» EXERCISE OBJECTIVE: Output each record below exactly, leaving any picture out of the copy.

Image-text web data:
Start of Block

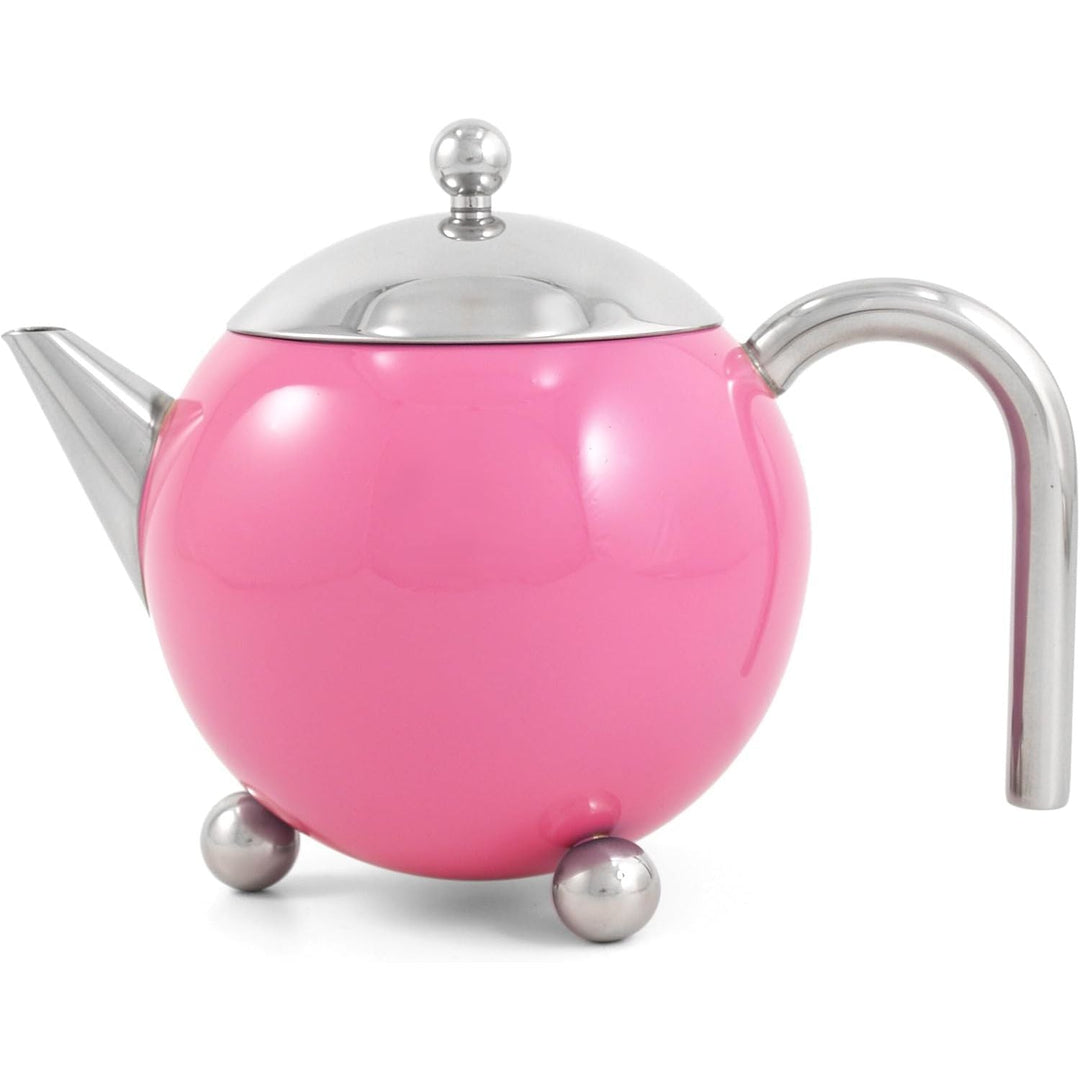Painted Lady 28-Ounce Teapot, Pretty In Pink, Stainless Steel - Just Closeouts Canada Inc.771541814127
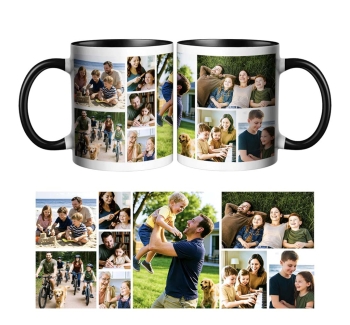 Custom Photo Collage Coffee Mug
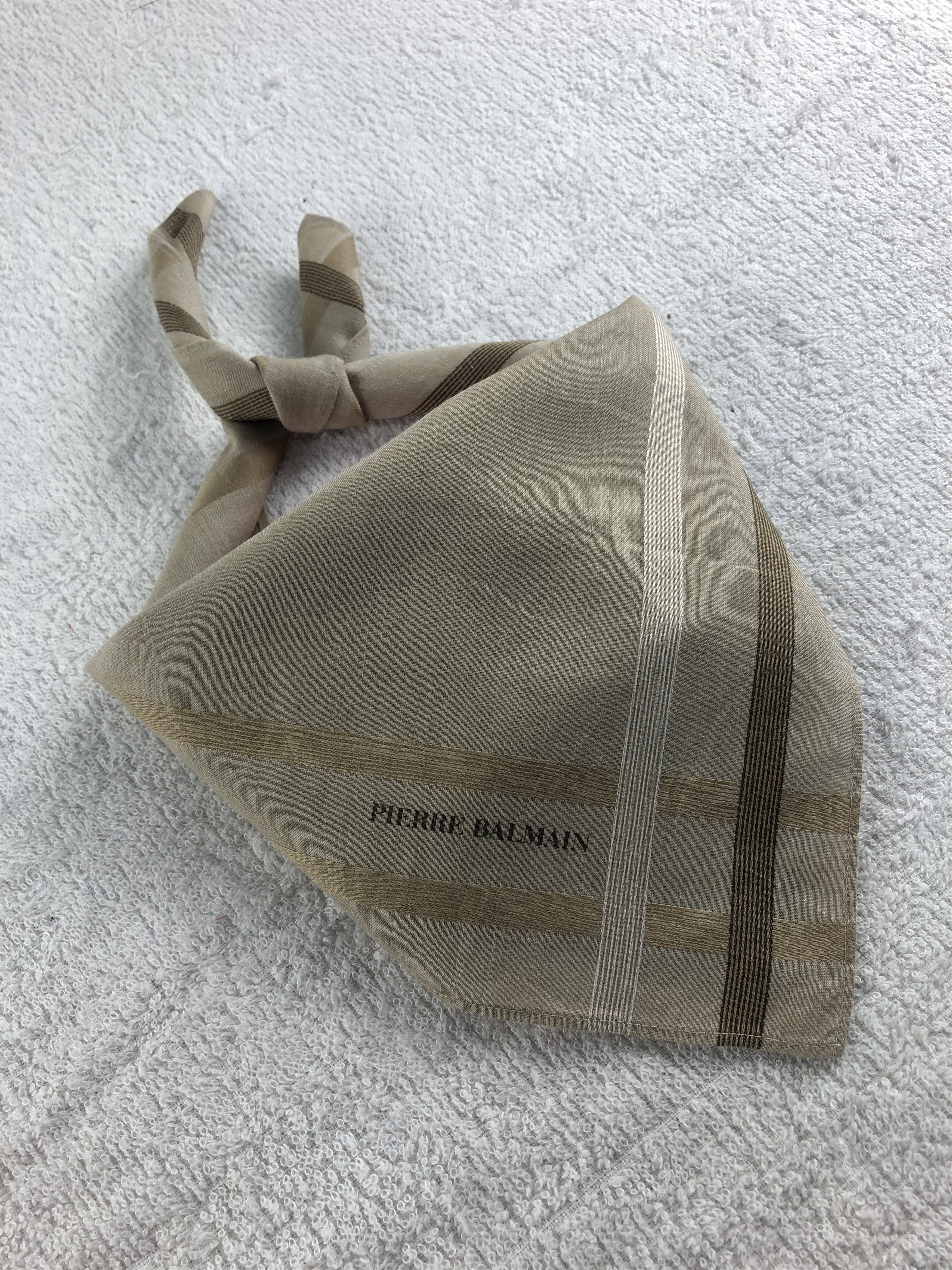 Pierre Balmain Pierre Balmain Handkerchief / Pocketsquare / Bandana C190 Size ONE SIZE - 2 Thumbnail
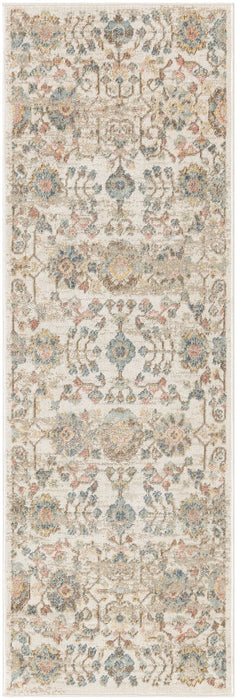 8' X 10' Abstract Shag Polyester Area Rug - Beige And Ivory
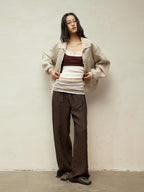 Wool Jacquard Double-Breasted Jacket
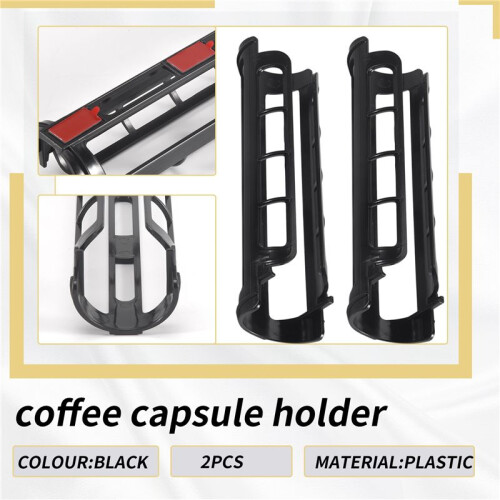 Supporto Laterale Porta Cialde Caffè 2 Pezzi per Dispenser Cialde K Cup per Macchine da Caffè Monodose Nero 2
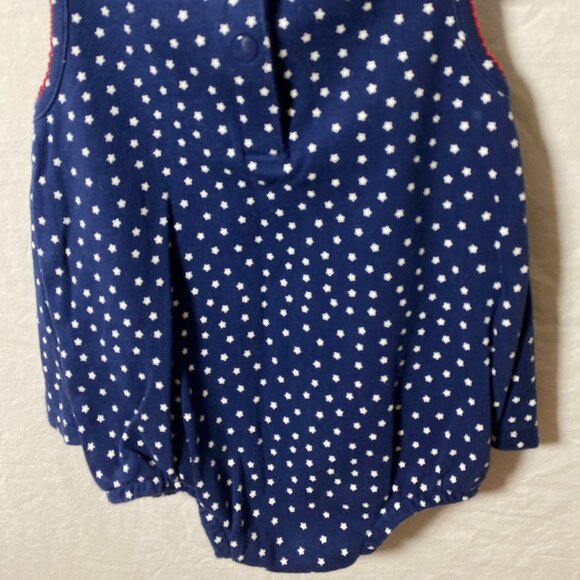 Child of Mine Carter's Navy USA One Piece Sundress Romper - Picture 5 of 6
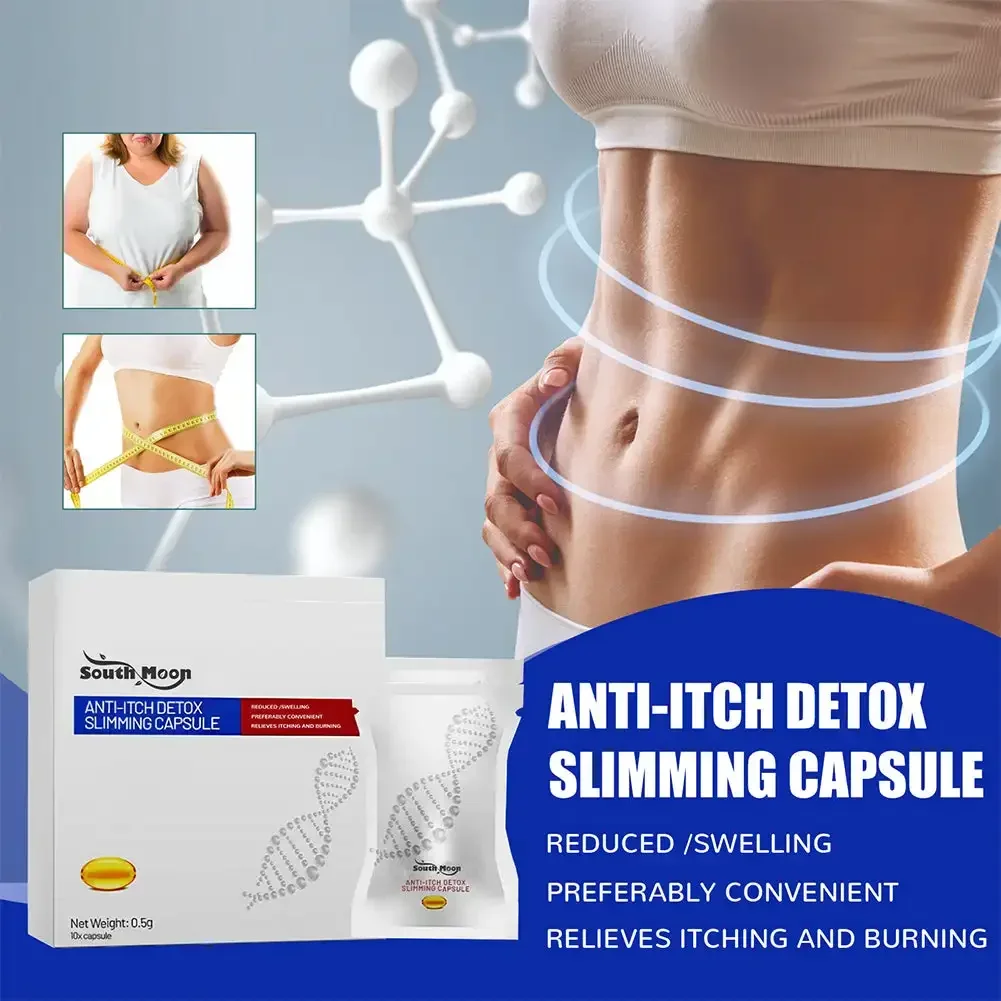 10Pcs Anti-itch Detox Slimming Capsule Fat Burning Anti-cellulite Loss Weight Tighten Firming Arms Belly Weight Without Rebound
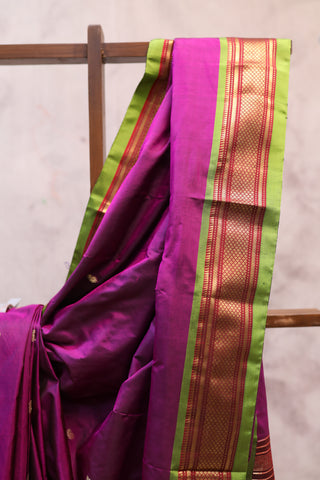 Purple Silk Paithani Saree - SRPSPS336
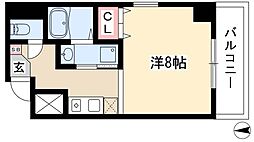 サン・錦本町ビル 1Kの間取図画像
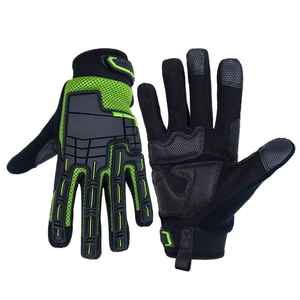 <b>Full</b> Finger Racing Gloves PU Material Non <b>Slip</b> Outdoor Activities Unisex Hook And Loop Closure - Product Image 5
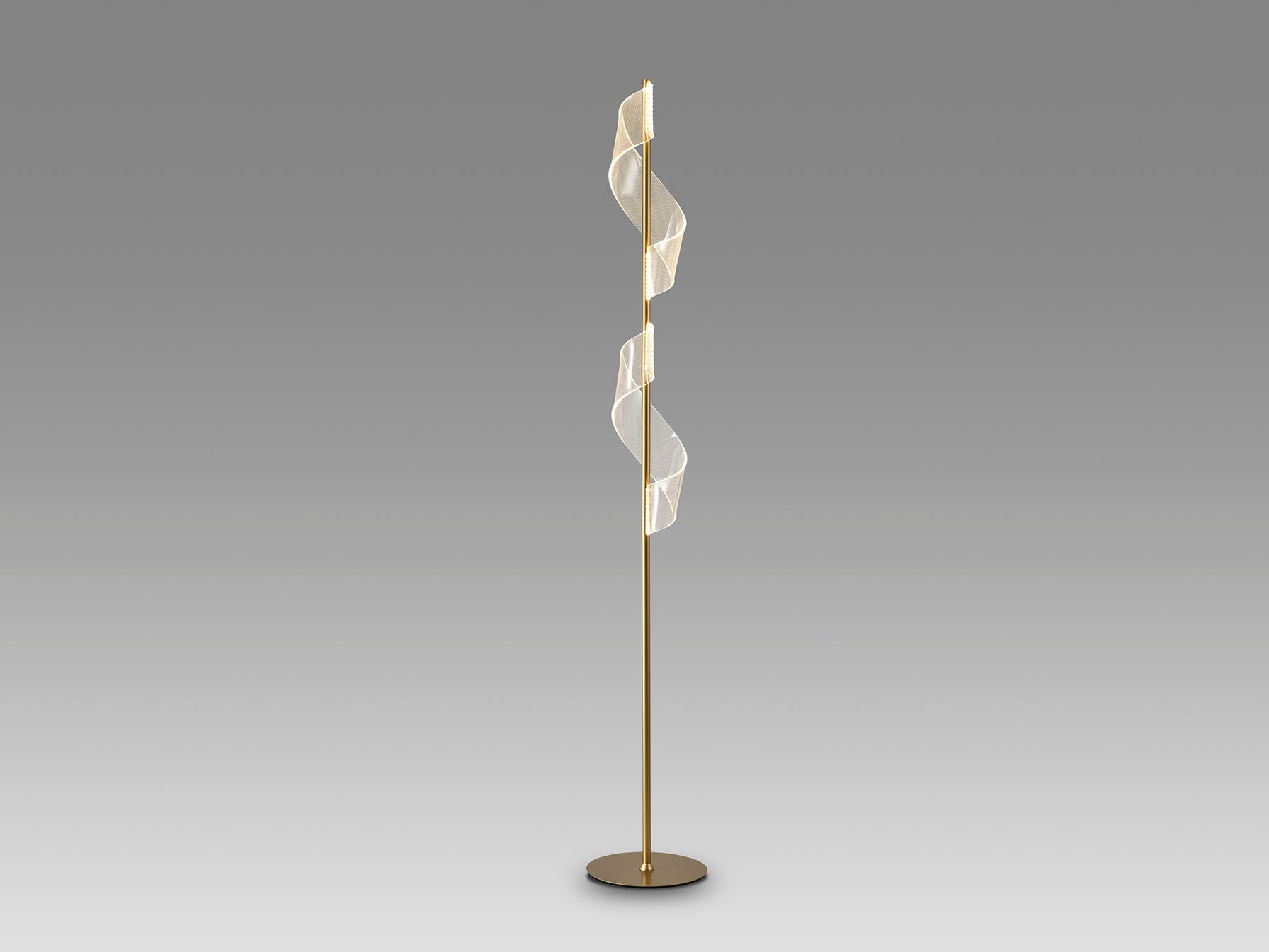 Lámpara de pie VELAS oro mate de diseño moderno para salón | Schuller 351126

End of Block

» RESPONSE AREA:
Painted Lady 28-Ounce Teapot, Pretty In Pink, Stainless Steel - Just Closeouts Canada Inc.771541814127
 Custom Photo Collage Coffee Mug
 Pierre Balmain Pierre Balmain Handkerchief / Pocketsquare / Bandana C190 Size ONE SIZE - 2 Thumbnail
 8' X 10' Abstract Shag Polyester Area Rug - Beige And Ivory
 Wool Jacquard Double-Breasted Jacket
 Supporto Laterale Porta Cialde Caffè 2 Pezzi per Dispenser Cialde K Cup per Macchine da Caffè Monodose Nero 2
 Child of Mine Carter's Navy USA One Piece Sundress Romper - Picture 5 of 6
 10Pcs Anti-itch Detox Slimming Capsule Fat Burning Anti-cellulite Loss Weight Tighten Firming Arms Belly Weight Without Rebound
 Purple Silk Paithani Saree - SRPSPS336
 サン・錦本町ビル 1Kの間取図画像
 <b>Full</b> Finger Racing Gloves PU Material Non <b>Slip</b> Outdoor Activities Unisex Hook And Loop Closure - Product Image 5
 Lámpara de pie VELAS oro mate de diseño moderno para salón | Schuller 351126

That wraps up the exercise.